Diese, gerade für die unmittelbar angrenzenden Nachbarn Brandstätter, keineswegs unwesentliche Änderung des Antrages hat die Behörde I. Instanz jedoch völlig ignoriert und der Entscheidung den ursprünglichen Antrag, lediglich abgeändert durch die Planänderungen vom 26.04.2006, zu Grunde gelegt. So ist zB in der ?Technischen Beschreibung? nach wie vor von 79 Stellplätzen die Rede. Der Argumentation der Nachbarn Brandstätter in ihrer Berufung ist jedenfalls dahingehend beizupflichten, dass aufgrund der geänderten Pläne zumindest nicht ausgeschlossen werden kann, dass damit, selbst wenn die Tiefgarage reduziert wurde, infolge der Änderung der Entlüftungssituation eine Schlechterstellung der Nachbarn eingetreten ist.

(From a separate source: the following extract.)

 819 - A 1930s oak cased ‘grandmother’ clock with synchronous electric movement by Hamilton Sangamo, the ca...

Aus § 353 Gewerbeordnung 1994 ergibt sich die Qualifikation der Genehmigung einer gewerblichen Betriebsanlage als antragsbedürftiger Verwaltungsakt. Gegenstand und Umfang dieses Verfahrens werden folglich durch den Antrag des Genehmigungswerbers bestimmt. Das Verfahren zur Genehmigung einer Betriebsanlage ist also ein Projektverfahren, in dem der Beurteilung die im § 353 genannten Einreichunterlagen zugrunde zu legen sind (vgl etwa VwGH 3.9.1996, 95/04/0189). Der Behörde ist es verwehrt, mehr oder etwas anderes zu genehmigen, als vom Genehmigungswerber beantragt wurde (VwGH 28.10.1997, 95/04/0247).

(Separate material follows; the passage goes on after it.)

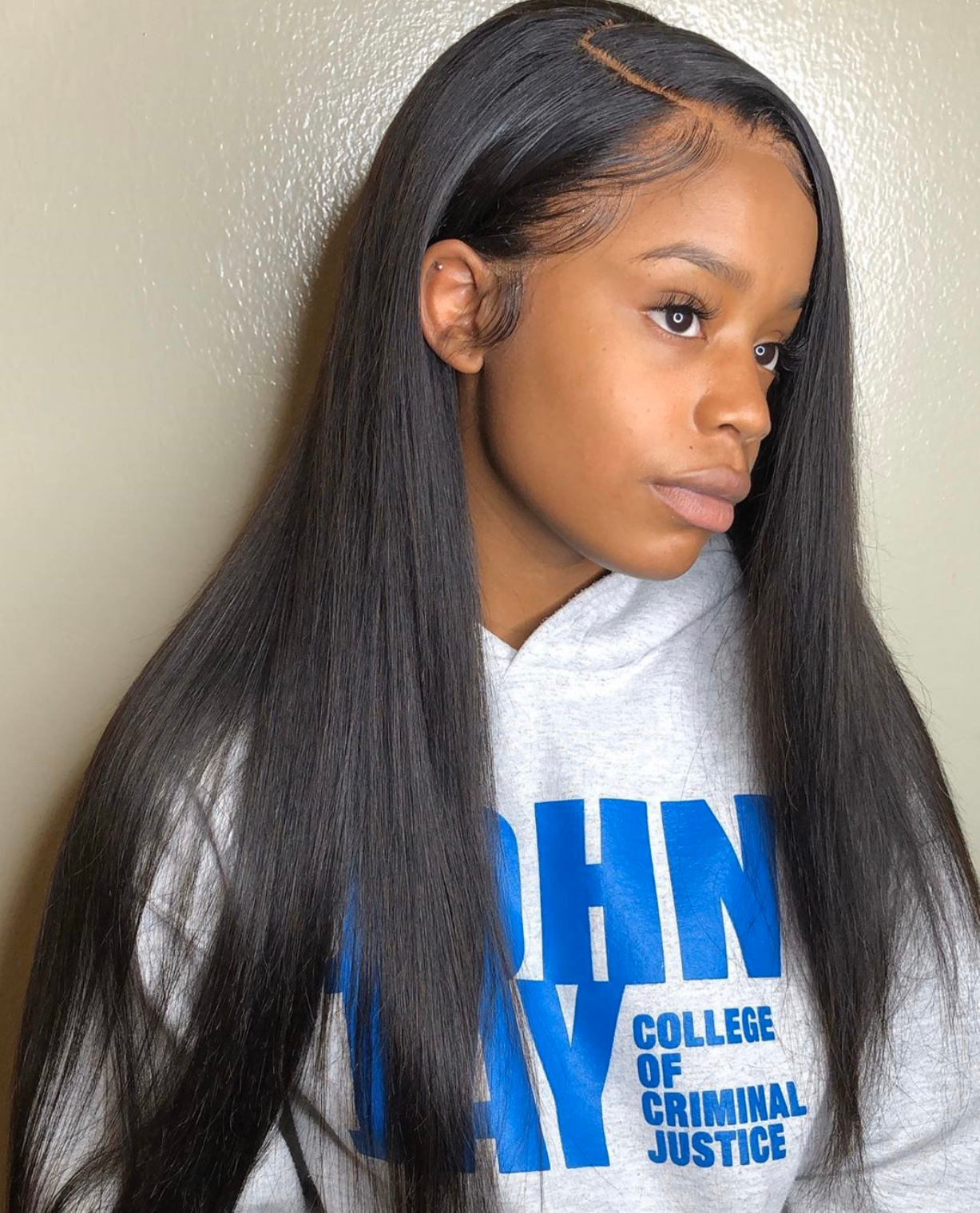 Woman with long, straight black hair, wearing a gray hoodie with blue text.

Durch die Änderungen im Bereich der Tiefgarage wurde der Antrag, va in Bezug auf die unmittelbar angrenzenden Nachbarn, entscheidend geändert. Es liegt sohin ein neuer, im vergleich zur ursprünglichen Einreichung bzw den planmäßigen Änderungen vom 26.04.2006 (e-mail 27.04.2006) geänderter Antrag vor, über den die Behörde zu entscheiden gehabt hätte. Aus Sicht der Berufungsbehörde liegt sohin ein Fall vor, in dem eine Sachentscheidung in Form einer bloßen Kassation des angefochtenen Bescheides zu treffen war, um den von der Rechtsordnung gewünschten Zustand herstellen zu können. Auf die erhobenen Berufungen war diesfalls nicht näher einzugehen und spruchgemäß zu entscheiden.
In der Folge wird es Aufgabe der Behörde I. Instanz sein, den noch offenen Antrag (mit den entsprechenden Änderungen) einer Erledigung zuzuführen. Dabei besteht auch die Möglichkeit, auf die Einwendungen der Nachbarn in den vorliegenden Berufungen einzugehen. Dazu wird die neuerliche Beiziehung eines gewerbetechnischen Sachverständigen unumgänglich sein.
Es war daher spruchgemäß zu entscheiden.